Wednesday, December 10, 2014

Writing Advice from Frank Herbert: Concentrate on story

I agree completely with Frank Herbert (whose ground-breaking book Dune was rejected by publishers 20 times, by the way.)

Story is everything.

Though Herbert is giving this advice to beginners, it is something published writers need to keep in mind as well, especially as they launch into experimental forms. Stories need to have a beginning, a middle and an end - although not necessarily in chronological order.

And, like Ray Bradbury, Herbert believed that metaphor lay at the heart of a novel.
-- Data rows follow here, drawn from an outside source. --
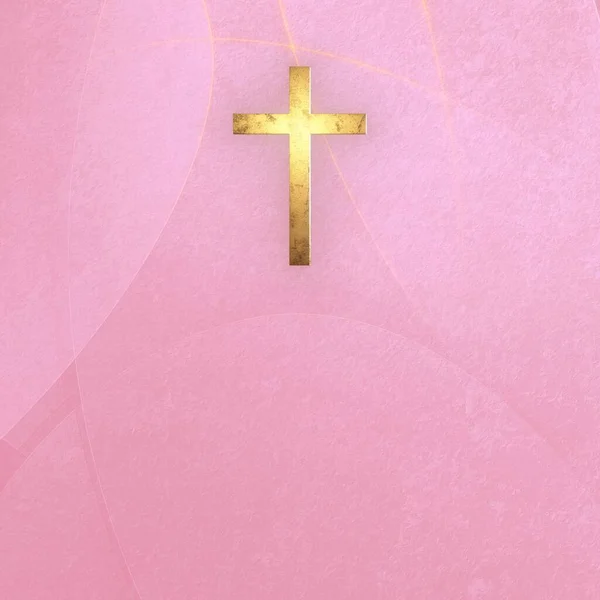 クリスチャン クロス コピースペース オンライン礼拝のための3Dイラスト モーニングタイムとすべての魂の日のコンセプト ミサと悲しみ — ストック写真
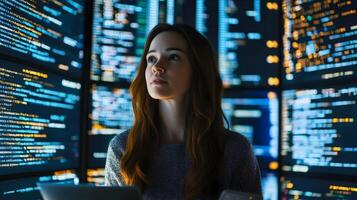 Portrait of a female programmer or software engineer working in a monitoring room,surrounded by multiple large screens displaying lines of programming language code. photo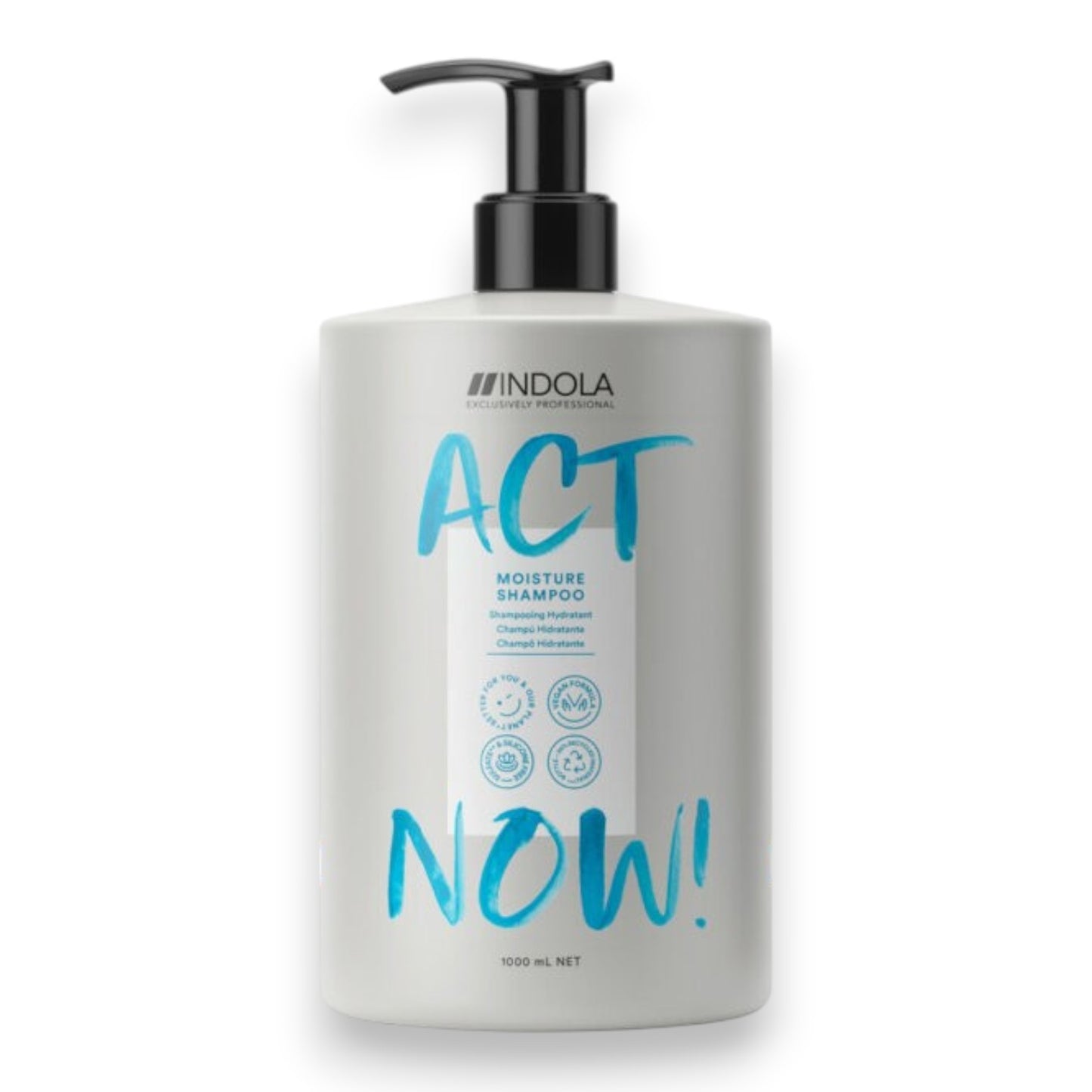 Said Salem Indola Act Now Moisture Shampoo in a 1000ml bottle with a pump, featuring aloe vera for dry hair.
Writing advice from Frank Herbert, originally published in WotF Vol 2:

The single most important piece of advice I ever got was to concentrate on story. What is “story”? It’s the quality that keeps the reader following the narrative. A good story makes interesting things happen to a character with whom the reader can identify. And it keeps them happening, so that the character progresses and grows in stature.

A writer’s job is to do whatever is necessary to make the reader want to read the next line. That’s what you’re supposed to be thinking about when you're writing a story. Don’t think about money, don’t think about success; concentrate on the story—don’t waste your energy on anything else. That all takes care of itself, if you’ve done your job as a writer. If you haven’t done that, nothing helps.

I first heard this from literary agent Lurton Blassingame, a highly respected expert on successful storytellers and storytelling. He’s a man who’s been watching writers’ careers and building writers’ for decades. And I have heard essentially the same thing from many other successful figures in writing; some of the top writers in the world have said it. It is the best advice I can give beginners.”

—Frank Herbert

1 comment:

  1. Informative blog, so much so I bookmarked it for future reference. I have been concentrating on my online stores, my own blogs and when the the new year starts I am going ba k to fiction writing and will schedule a publishing date when what I have written has been polished to the point where it is ready to be published.